[Saved entries]
□ □ □ □ □ □ □

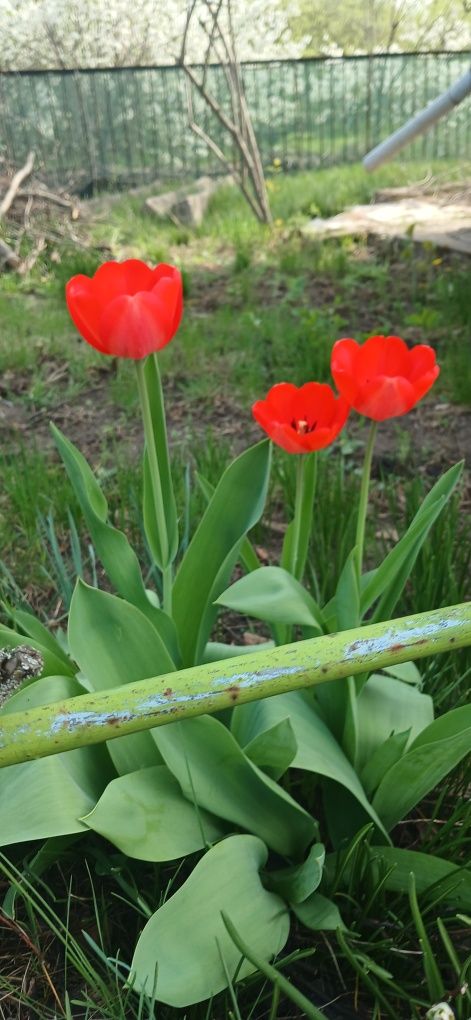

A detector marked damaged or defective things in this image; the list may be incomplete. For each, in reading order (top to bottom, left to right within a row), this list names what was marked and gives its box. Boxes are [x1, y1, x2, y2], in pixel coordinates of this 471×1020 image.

peeling paint on pipe [0, 599, 468, 767]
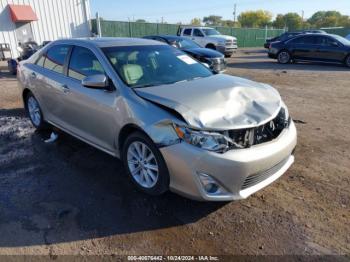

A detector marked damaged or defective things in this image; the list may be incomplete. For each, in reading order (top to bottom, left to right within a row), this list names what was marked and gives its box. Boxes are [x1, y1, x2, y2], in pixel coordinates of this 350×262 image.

crumpled hood [134, 74, 282, 129]
cracked headlight [173, 124, 241, 152]
damaged front bumper [160, 119, 296, 202]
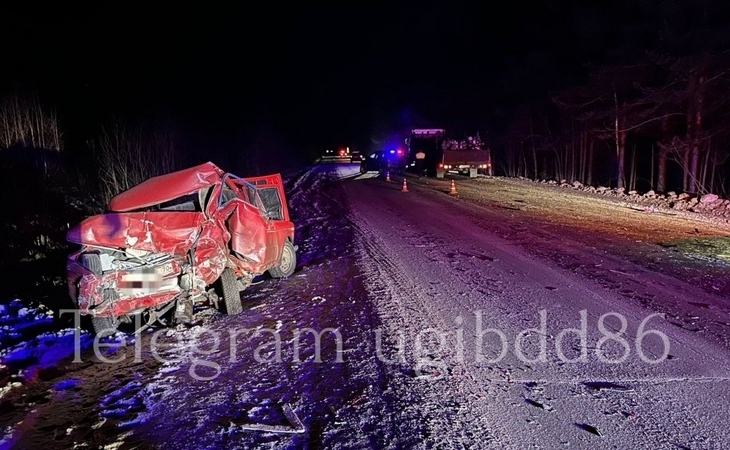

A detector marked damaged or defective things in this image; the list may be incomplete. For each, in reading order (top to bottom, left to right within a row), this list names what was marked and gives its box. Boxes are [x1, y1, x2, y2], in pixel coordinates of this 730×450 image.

crumpled hood [67, 212, 206, 256]
red crashed car [65, 163, 296, 336]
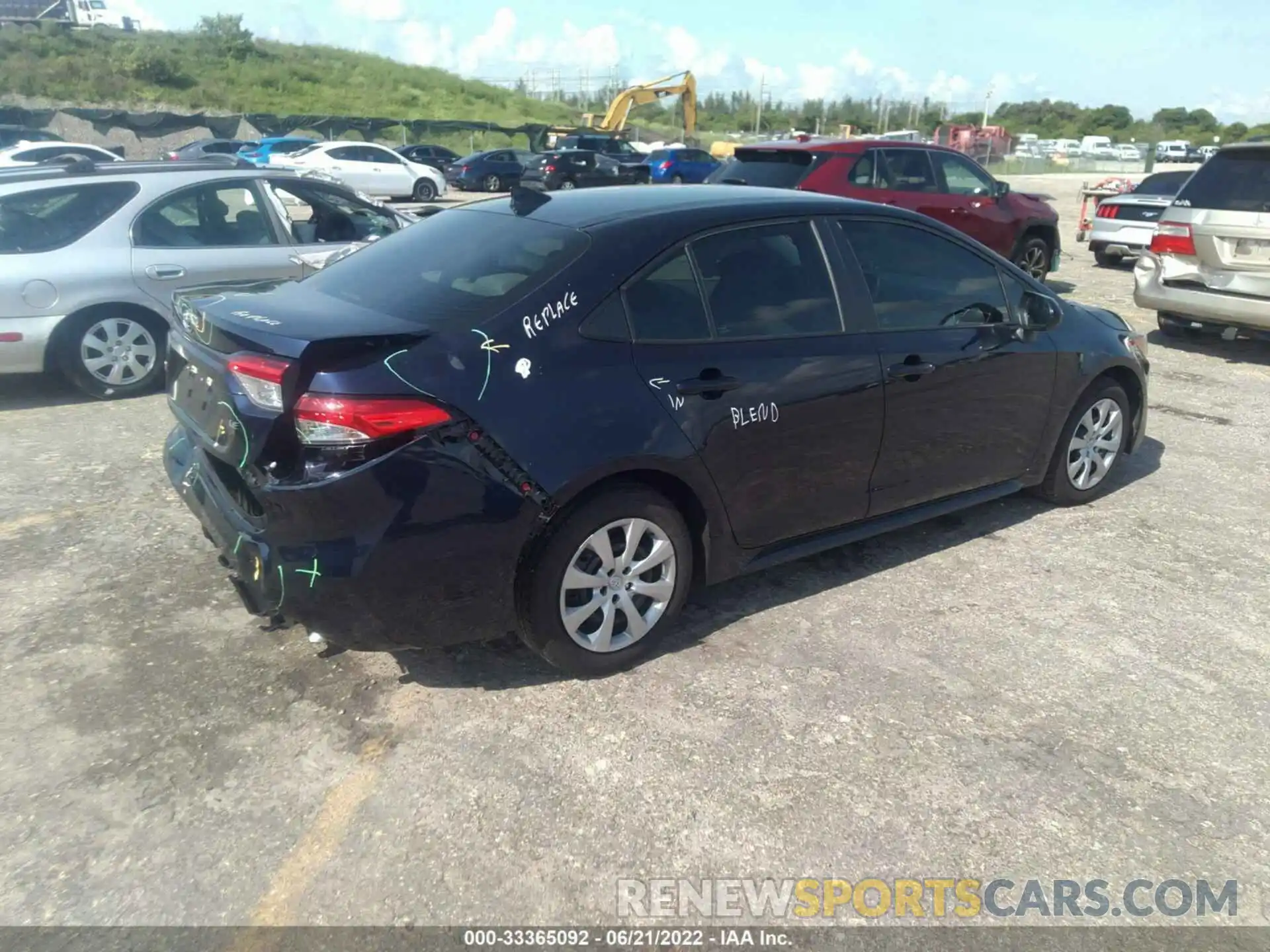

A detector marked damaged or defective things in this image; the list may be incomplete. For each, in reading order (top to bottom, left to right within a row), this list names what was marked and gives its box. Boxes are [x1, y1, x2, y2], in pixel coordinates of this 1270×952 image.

rear bumper damage [161, 428, 537, 651]
damaged toyota corolla [166, 186, 1154, 677]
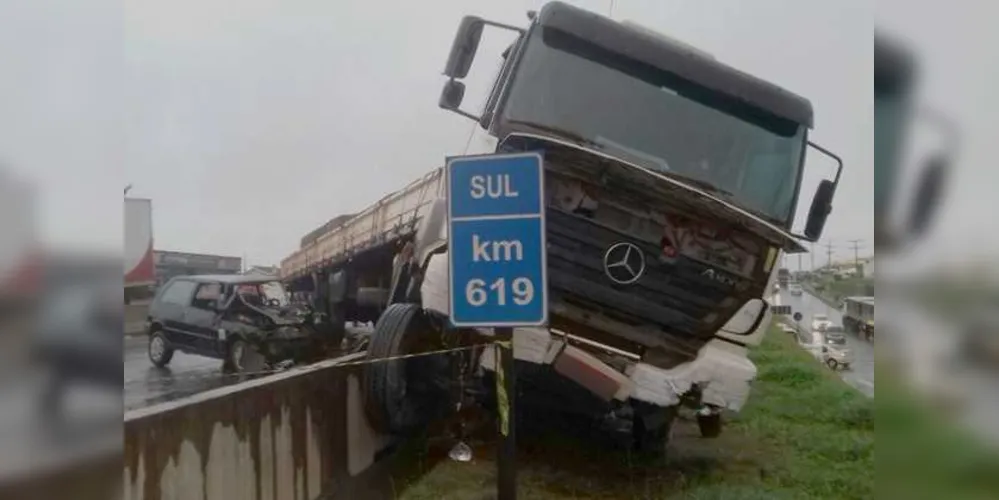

□ □ □ □ □ □ □

▶ [AIM OF THE TASK] Exactly repeat only the lines from the one with "this 730×450 image." to the closing line above, both included, and omit every picture.

▶ [SOLUTION TO THIS EXERCISE]
A detector marked damaged or defective things in this image; the list may be incomplete. For each, in reading order (top to bottom, left to right within a row), this list names what was marked and gives its box. Boxes are [x1, y1, x2, y2], in pixel coordinates of this 730×450 image.

crumpled hood [67, 212, 206, 256]
red crashed car [65, 163, 296, 336]

A detector marked damaged or defective things in this image; the list may be incomplete. For each, in reading order (top to bottom, left to right within a row), this list names what was marked and gives its box. Boxes are [x1, y1, x2, y2], in pixel coordinates of this 1270×952 image.

rear bumper damage [161, 428, 537, 651]
damaged toyota corolla [166, 186, 1154, 677]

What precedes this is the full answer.